Corporate Governance Guidelines
ROLE OF THE BOARD:
The basic responsibility of the directors
is to exercise their business judgment to act in what they reasonably
believe to be in the best interests of the corporation. A director may,
in considering the best interests of a corporation, consider the effects
of any action on shareholders, employees, suppliers, and customers of
the corporation, and communities in which offices or other facilities of
the corporation are located, and any other factors the director
considers pertinent. The Board believes that day-to-day management of
the corporation is the responsibility of management and that the role of
the Board is to oversee management’s performance of that function and to
lead the CEO succession process. In discharging their obligation,
directors should be entitled to reasonably rely on the competence and
integrity of the corporation’s senior executives and its outside
advisors and auditors. The Board reviews the annual operating plan and
specific goals of the corporation at the start of the fiscal year and
reviews financial performance quarterly. The Board expects that
long-range strategic issues will be discussed regularly at Board
meetings. The Board believes that the long-term success of the
corporation depends on maintaining an ethical business environment and
expects that management will conduct the operations of the corporation
in a manner consistent with the Board’s philosophy. The Board believes
that the management speaks for the corporation. Individual Board members
may, from time to time, meet or otherwise communicate with various
constituencies that are involved with the corporation. But it is
expected that Board members would do this with the knowledge of the
management and, absent unusual circumstances or as contemplated by the
committee charters, only at the request of the management.
COMPOSITION OF THE BOARD:
The Board will be composed of between
three to fifteen directors.
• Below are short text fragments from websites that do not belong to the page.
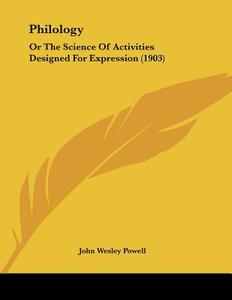 Philology: Or the Science of Activities Designed for Expression (1903) di John Wesley Powell edito da Kessinger Publishing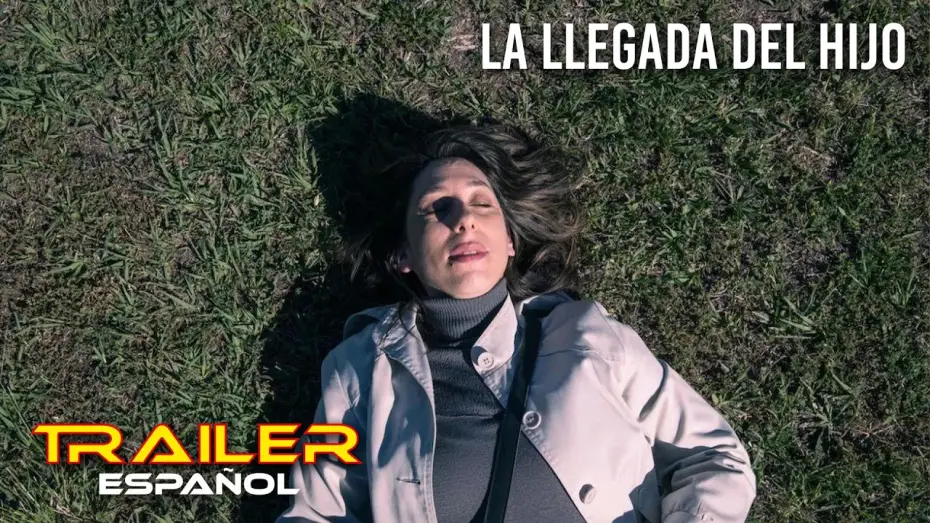 Відео до фільму La llegada del hijo | La llegada del hijo - Tr&aacute;iler espa&ntilde;ol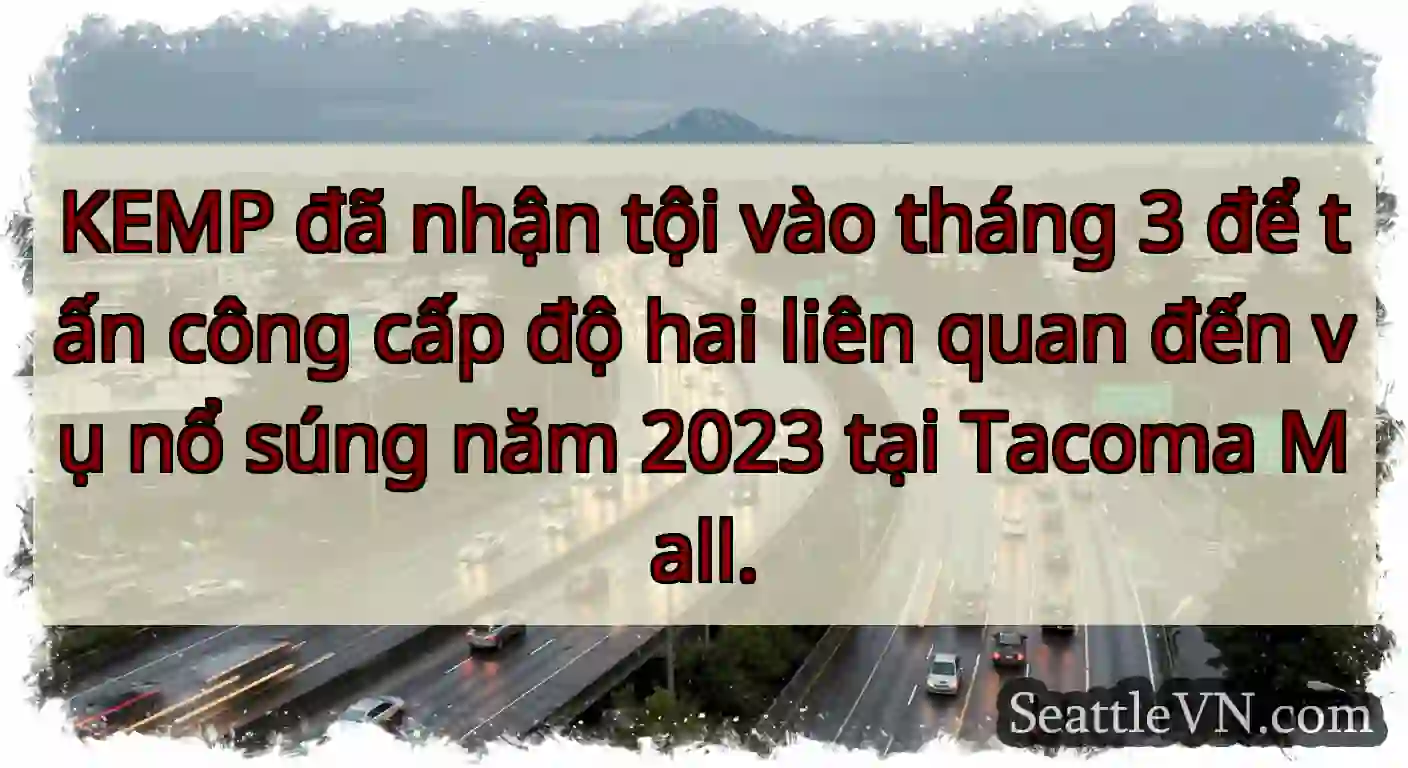 KEMP đã nhận tội vào tháng 3 để tấn công cấp độ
In the absence of Board action, the number
of directors defaults to seven. In general, the Board believes its
optimum size is in the range of 8-11 members. A substantial majority of
the Board must be independent directors. The Chief Executive Officer of
the corporation will serve as a director. Either the Chief Executive or
a non-executive director will serve as Chairman of the Board. If the
Chief Executive is the Chairman of the Board, the Board will elect an
independent director as Lead Director. No more than two current
employees of the corporation may serve on the Board at any time. In
general, the Board believes that the CEO and the COO, if there is one,
should be the only employee directors. Nominees for directorship will be
selected by the Nominating and Governance Committee in accordance with
the policies and principles in its charter. The invitation to join the
Board should be extended by the Board itself, by the Chairman of the
Nominating and Governance Committee and by the Chairman of the Board
collectively.
DEFINITION OF INDEPENDENT DIRECTOR:
The Board of Directors will make an
annual affirmative determination of the independent or non-independent
status of each director, based on the recommendation of the Nominating
and Governance Committee and the criteria of the New York Stock Exchange
("NYSE"), the federal securities laws and the rules and regulations of
the Securities and Exchange Commission ("SEC"). A director will not
qualify as independent unless he has no material relationship with the
corporation apart from his service as a director. The Board will use the
following standards to assist in making this determination. An
independent director is one who:
Is not an employee of the corporation and has not been an
employee of the corporation for at least five years;
Is not an affiliate of the corporation other than in the
capacity as a director; and has not been an affiliate of the
corporation for at least five years.
Is not an employee or affiliate of the corporation’s present
auditing firm or an auditing firm retained by the corporation within
the past five years and has not been an employee or affiliate of
such a firm for at least five years;
Is not an employee of a company on whose board an executive
of the corporation presently serves as a director or has served as a
director within the past five years and has not been an employee of
such a company for at least five years;
Is not an employee of a company that accounts for at least 2%
or $1 million, whichever is greater, of the corporation’s
consolidated gross revenues, and has not been an employee of such a
company for at least five years;
Is not an employee of any company which made payments to or
received payments from the corporation which exceeded 2% or $1
million, whichever is greater, of that company’s consolidated gross
revenues; and has not been an employee of such a company for at
least five years;
Is not an employee or director of any company that makes
direct material investments or trades in CTS stock or that regularly
advises investors concerning CTS stock;
Does not presently receive any direct or material indirect
compensation from the corporation other than compensation
attributable to the director’s service as a member of the Board and
its Committees;
Has not received more than $10,000 per year in direct
compensation from the company during the past five years, excluding
compensation attributable to the director’s service as a member of
the Board and its Committees;
Does not have any other relationship with the corporation or
any other entity, including charitable and civic organizations that
in the opinion of the Board could be considered to effect the
director’s ability to exercise his independent judgment as a
director;
Is not an immediate family member of any individual who would
fail to meet the criteria for independence set forth above.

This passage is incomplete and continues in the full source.